BARACK OBAMA, PRESIDENT OF THE UNITED STATES: There is never an excuse for violence against police or for those who would use this tragedy as a cover for vandalism or looting. There's also no excuse for police to use excessive force against peaceful protests. Or to throw protesters in jail for lawfully exercising their First Amendment rights.


OBAMA: Put simply, we all need to hold ourselves to a high standard, particularly those of us in positions of authority.


LEMON: Martin Luther King III was here in Ferguson yesterday and joins me from Atlanta.

Thank you, sir, for joining us.

You spoke a couple times about the need for change among police departments and not just here in Ferguson. What do you think needs to change?

MARTIN LUTHER KING III, CIVIL RIGHTS ACTIVIST & SON OF MARTIN LUTHER KING JR: Well, you know, I think that there are a number of dramatic things that can happen. One of the things that the community said to me was we would like for the prosecuting attorney to recuse themselves, because he has shown some biasness, as it relates to -- to me, that's a significant act. Who knows if he may do that? But certainly, that is something the community is requesting. And, in fact, over 20,000 signatures have been already signed up to do that.

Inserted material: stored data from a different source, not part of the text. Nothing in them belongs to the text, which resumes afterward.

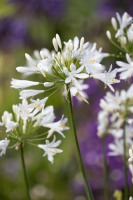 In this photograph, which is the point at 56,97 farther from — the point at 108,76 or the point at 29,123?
the point at 108,76

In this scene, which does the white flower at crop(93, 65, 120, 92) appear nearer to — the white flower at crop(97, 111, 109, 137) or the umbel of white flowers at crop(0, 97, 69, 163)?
the umbel of white flowers at crop(0, 97, 69, 163)

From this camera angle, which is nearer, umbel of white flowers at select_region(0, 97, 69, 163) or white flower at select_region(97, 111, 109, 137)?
umbel of white flowers at select_region(0, 97, 69, 163)

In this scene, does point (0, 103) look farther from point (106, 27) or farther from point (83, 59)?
point (83, 59)

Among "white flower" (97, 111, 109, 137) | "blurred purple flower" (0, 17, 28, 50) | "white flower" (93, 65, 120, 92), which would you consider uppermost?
"blurred purple flower" (0, 17, 28, 50)

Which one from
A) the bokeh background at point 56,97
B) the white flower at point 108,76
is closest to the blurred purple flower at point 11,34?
the bokeh background at point 56,97

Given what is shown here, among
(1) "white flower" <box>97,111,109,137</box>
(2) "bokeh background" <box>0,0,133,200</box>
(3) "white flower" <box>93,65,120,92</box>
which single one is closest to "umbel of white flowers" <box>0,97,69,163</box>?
(3) "white flower" <box>93,65,120,92</box>

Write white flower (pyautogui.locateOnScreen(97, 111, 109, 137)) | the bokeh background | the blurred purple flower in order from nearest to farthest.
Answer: white flower (pyautogui.locateOnScreen(97, 111, 109, 137)) → the bokeh background → the blurred purple flower

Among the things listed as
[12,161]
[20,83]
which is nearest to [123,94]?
[20,83]

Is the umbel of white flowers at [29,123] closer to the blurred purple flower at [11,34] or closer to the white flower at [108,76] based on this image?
the white flower at [108,76] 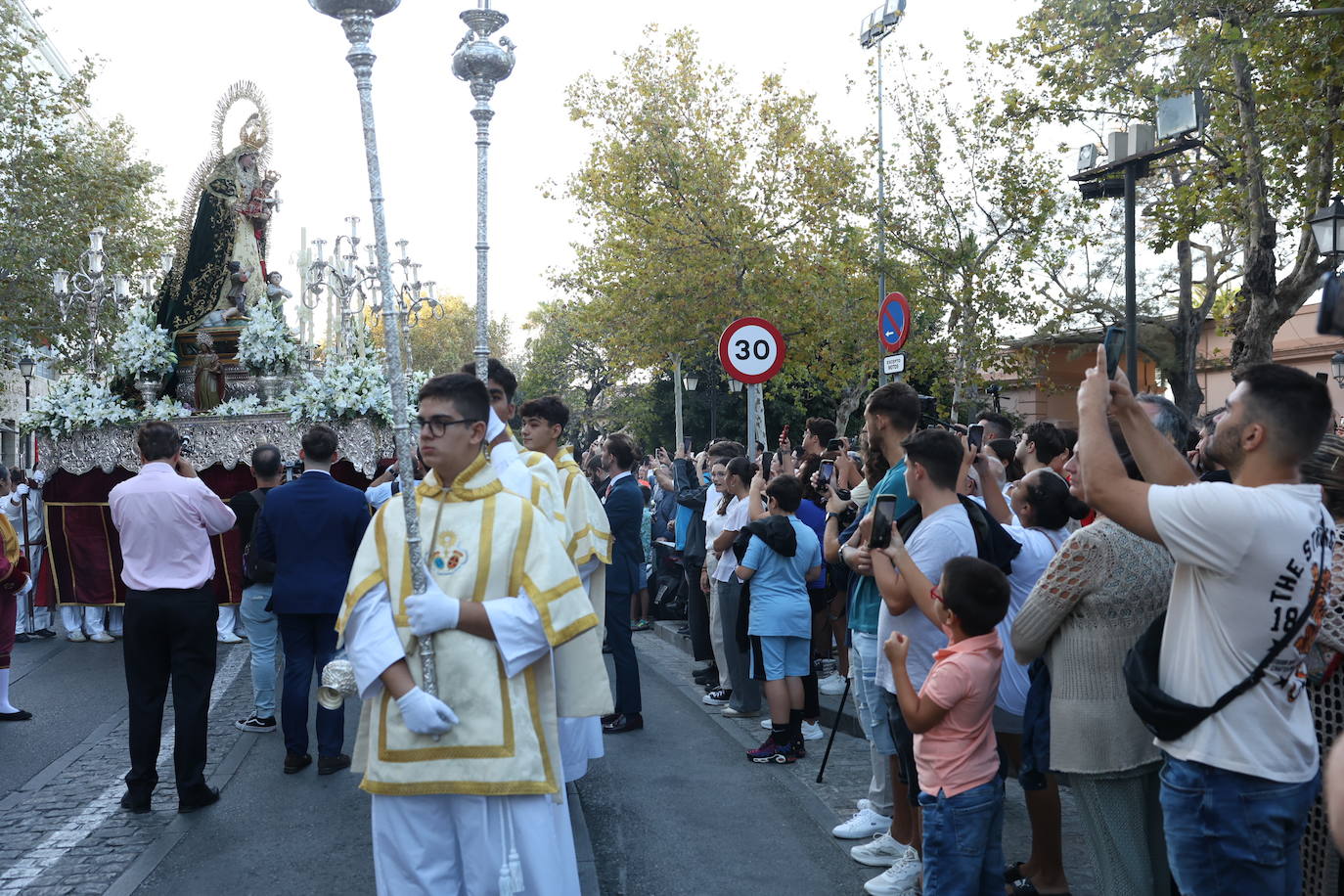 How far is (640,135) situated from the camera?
90.4 ft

The second thing -- one of the things I said, we see Captain Johnson doing what you call community policing. That is something that needs to be immediately put in place, or as soon as possible.

The other things I've said are, human relations training, diversity and sensitivity. And then finally --

LEMON: Right.

KING: -- over a longer period of time, training and jobs. That probably could begin to subside some things. But those are long-term issues.

LEMON: You talked about what police need to do with, you know, the leaders need to do. What does the community need to do?

KING: Well, the community, I believe, has already demonstrated it is doing constructive things. Young people came out the other night and tried to stop some of the looting. It appears there's a very, very small element of people who are engaged in this -- the looting. I'm not sure it is known who those individuals are. But the reality is, I think the community -- you know, you shouldn't let two or three small things spoil the whole bunch.

And I think the way it is portrayed, you know, you've got a lot of volatility. I think maybe some of what we are hearing might help. For example, I heard you announce there may not be a curfew tonight. That might begin to help the situation, although the National Guard will be there. But the community, until the community feels some sense of a victory, unfortunately, these kinds of things could continue to crop up.

LEMON: And Martin Luther King III, you're calling for an independent prosecutor. Can you confirm that for us?

KING: The community is. I'm not calling for anything. Obviously, you know, I don't live in that community so I can't call for that. What I can say, community leaders have said we would like to have an independent prosecutor, because the current prosecutor displayed biasness.

LEMON: All right. Martin King III, thank you. I appreciate you joining me here on CNN.

KING: Thank you.

LEMON: I want to make sure you join us tonight -- you're very welcome -- tonight, between 10:00 and midnight eastern time, a special edition of CNN tonight. And also tomorrow night at 10:00, CNN, "Race in America," a special town hall. The subject is going to be the one gripping Ferguson and America, and that's race. How can we make sure what's happening here doesn't go on across the country? "Race in America," CNN tonight, town hall event. Join us tomorrow night at 10:00 eastern and tomorrow night at 10:00 eastern, as well.

That is it for me.

For our viewers on CNN international, stay with us for NEWS CENTER.

And for viewers on CNN in the United States, NEWSROOM with Brooke Baldwin starts right now.